YOUR INSTRUCTIONS >> The result should be an exact copy of the lines from the one with "2841 Macklem Ave, Unit 1st Floor" through the last line of the data below, both included.

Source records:
-- Opening Marker --

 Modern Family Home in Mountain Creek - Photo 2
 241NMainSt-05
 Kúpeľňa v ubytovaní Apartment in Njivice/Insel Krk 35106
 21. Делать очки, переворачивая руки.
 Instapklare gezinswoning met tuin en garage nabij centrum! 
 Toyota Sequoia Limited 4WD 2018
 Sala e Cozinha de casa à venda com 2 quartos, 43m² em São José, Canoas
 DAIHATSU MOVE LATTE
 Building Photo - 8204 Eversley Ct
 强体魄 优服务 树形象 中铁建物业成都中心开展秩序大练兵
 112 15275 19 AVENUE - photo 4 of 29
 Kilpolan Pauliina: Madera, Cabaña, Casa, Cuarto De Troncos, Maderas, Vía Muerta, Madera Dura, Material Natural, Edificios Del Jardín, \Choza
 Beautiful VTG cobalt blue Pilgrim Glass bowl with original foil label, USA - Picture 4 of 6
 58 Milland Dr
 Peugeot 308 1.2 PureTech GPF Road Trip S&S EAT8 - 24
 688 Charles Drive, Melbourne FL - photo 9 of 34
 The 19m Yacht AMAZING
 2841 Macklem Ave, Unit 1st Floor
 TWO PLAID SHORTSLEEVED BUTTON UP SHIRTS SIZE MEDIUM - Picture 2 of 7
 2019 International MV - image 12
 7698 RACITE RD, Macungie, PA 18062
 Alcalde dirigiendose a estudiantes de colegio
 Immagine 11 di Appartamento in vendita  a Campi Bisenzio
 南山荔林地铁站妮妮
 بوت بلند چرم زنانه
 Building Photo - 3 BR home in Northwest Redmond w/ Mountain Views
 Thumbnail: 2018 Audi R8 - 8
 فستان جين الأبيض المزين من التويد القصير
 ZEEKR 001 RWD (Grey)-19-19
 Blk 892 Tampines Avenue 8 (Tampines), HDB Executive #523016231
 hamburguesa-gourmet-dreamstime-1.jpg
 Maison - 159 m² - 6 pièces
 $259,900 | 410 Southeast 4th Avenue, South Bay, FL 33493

-- Closing Marker --

EXPECTED ANSWER >>
 2841 Macklem Ave, Unit 1st Floor
 TWO PLAID SHORTSLEEVED BUTTON UP SHIRTS SIZE MEDIUM - Picture 2 of 7
 2019 International MV - image 12
 7698 RACITE RD, Macungie, PA 18062
 Alcalde dirigiendose a estudiantes de colegio
 Immagine 11 di Appartamento in vendita  a Campi Bisenzio
 南山荔林地铁站妮妮
 بوت بلند چرم زنانه
 Building Photo - 3 BR home in Northwest Redmond w/ Mountain Views
 Thumbnail: 2018 Audi R8 - 8
 فستان جين الأبيض المزين من التويد القصير
 ZEEKR 001 RWD (Grey)-19-19
 Blk 892 Tampines Avenue 8 (Tampines), HDB Executive #523016231
 hamburguesa-gourmet-dreamstime-1.jpg
 Maison - 159 m² - 6 pièces
 $259,900 | 410 Southeast 4th Avenue, South Bay, FL 33493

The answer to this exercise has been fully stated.